* **Task**
Pull each line containing "Samsung" from the data.

* **Data to examine**
# # # # # # #
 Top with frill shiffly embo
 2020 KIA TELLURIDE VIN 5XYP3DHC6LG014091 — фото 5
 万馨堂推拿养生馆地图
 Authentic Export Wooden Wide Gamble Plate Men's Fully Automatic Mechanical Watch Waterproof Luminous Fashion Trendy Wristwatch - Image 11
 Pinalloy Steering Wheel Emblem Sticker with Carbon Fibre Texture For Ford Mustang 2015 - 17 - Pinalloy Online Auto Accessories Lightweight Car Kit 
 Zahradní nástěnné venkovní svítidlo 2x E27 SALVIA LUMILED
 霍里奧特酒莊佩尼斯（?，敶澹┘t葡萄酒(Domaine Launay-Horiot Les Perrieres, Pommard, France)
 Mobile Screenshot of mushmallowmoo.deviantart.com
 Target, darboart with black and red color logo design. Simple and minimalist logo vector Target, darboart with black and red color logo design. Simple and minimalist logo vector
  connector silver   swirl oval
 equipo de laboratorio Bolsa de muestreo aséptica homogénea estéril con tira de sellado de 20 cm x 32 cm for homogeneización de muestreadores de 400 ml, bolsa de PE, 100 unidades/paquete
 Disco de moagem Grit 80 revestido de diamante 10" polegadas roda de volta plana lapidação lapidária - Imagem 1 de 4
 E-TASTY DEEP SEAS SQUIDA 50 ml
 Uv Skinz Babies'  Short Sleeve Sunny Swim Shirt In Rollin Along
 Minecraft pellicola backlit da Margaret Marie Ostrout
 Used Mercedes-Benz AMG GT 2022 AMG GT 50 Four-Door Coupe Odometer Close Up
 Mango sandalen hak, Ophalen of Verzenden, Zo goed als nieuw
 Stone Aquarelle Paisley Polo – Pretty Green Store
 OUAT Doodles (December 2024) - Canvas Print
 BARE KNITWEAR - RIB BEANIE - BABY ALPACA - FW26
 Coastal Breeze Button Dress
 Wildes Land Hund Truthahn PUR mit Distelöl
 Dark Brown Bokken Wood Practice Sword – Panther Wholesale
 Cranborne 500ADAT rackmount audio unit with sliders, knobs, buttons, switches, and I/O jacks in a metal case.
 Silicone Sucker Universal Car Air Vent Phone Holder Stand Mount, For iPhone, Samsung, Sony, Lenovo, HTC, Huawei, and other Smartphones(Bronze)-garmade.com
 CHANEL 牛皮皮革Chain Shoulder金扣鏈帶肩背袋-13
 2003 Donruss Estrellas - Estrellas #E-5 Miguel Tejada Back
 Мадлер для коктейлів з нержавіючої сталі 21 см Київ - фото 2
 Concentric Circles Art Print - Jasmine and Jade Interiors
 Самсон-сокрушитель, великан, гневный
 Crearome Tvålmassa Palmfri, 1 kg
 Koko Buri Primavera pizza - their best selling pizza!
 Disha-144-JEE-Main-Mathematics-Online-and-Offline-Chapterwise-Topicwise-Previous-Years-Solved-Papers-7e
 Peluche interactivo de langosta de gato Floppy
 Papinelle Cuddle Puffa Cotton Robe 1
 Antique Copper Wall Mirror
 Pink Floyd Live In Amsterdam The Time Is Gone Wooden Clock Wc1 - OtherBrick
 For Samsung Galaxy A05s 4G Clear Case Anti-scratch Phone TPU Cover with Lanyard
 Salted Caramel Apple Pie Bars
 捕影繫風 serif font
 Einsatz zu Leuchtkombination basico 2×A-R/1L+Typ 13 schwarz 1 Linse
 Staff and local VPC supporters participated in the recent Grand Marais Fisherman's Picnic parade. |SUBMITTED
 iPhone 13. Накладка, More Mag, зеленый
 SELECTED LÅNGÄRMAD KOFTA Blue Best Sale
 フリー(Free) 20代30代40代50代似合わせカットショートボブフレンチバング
# # # # # # #
* **Written solution**
 Silicone Sucker Universal Car Air Vent Phone Holder Stand Mount, For iPhone, Samsung, Sony, Lenovo, HTC, Huawei, and other Smartphones(Bronze)-garmade.com
 For Samsung Galaxy A05s 4G Clear Case Anti-scratch Phone TPU Cover with Lanyard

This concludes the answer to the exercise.